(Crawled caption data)
——

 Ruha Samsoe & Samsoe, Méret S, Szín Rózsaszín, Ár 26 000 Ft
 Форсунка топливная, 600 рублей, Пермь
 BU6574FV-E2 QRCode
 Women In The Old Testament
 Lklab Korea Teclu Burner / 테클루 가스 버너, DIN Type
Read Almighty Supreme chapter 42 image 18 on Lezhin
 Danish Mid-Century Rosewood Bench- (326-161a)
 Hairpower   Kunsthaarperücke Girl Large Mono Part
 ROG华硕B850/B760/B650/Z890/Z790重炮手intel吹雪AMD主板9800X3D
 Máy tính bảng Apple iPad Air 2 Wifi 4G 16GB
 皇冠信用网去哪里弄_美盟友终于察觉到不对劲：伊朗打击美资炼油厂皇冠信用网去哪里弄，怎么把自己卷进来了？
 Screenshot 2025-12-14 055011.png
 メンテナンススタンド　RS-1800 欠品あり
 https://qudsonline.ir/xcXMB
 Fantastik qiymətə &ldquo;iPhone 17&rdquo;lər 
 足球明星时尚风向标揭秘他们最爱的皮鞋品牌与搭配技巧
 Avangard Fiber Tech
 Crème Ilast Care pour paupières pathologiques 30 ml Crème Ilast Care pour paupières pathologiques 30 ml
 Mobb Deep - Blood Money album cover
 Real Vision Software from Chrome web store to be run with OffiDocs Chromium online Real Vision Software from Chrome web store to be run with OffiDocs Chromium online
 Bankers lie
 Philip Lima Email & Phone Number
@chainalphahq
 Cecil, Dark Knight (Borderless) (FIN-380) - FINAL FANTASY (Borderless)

——

Work request
The reply should consist solely of the lines above from the one that has "Форсунка топливная, 600 рублей, Пермь" through the one that has "Danish Mid-Century Rosewood", reproduced exactly.

Written solution
 Форсунка топливная, 600 рублей, Пермь
 BU6574FV-E2 QRCode
 Women In The Old Testament
 Lklab Korea Teclu Burner / 테클루 가스 버너, DIN Type
Read Almighty Supreme chapter 42 image 18 on Lezhin
 Danish Mid-Century Rosewood Bench- (326-161a)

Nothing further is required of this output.